Exercise objective: Set down all of the data exactly. Pictures stay out of the copy.

Data below:
-------

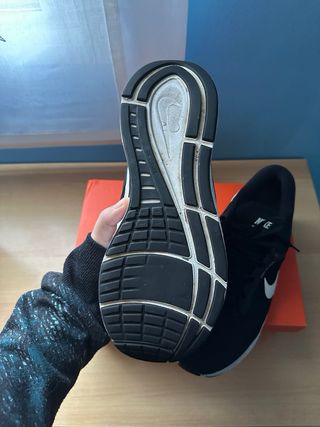 Zapatillas Nike Running Negras y Blancas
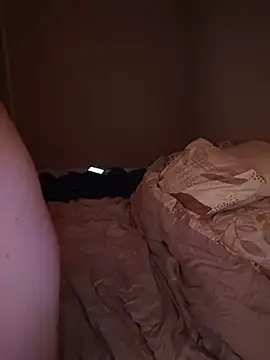 Lennie69X - Dildo in my pussy ?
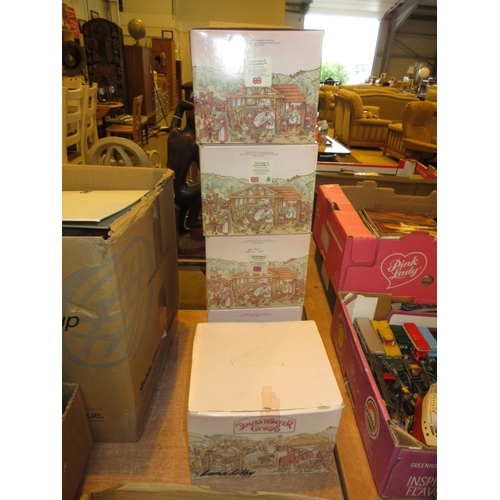 21 - Five Vintage David Winter Cottages, boxed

-------

Task result:
 Zapatillas Nike Running Negras y Blancas
 Lennie69X - Dildo in my pussy ?
 21 - Five Vintage David Winter Cottages, boxed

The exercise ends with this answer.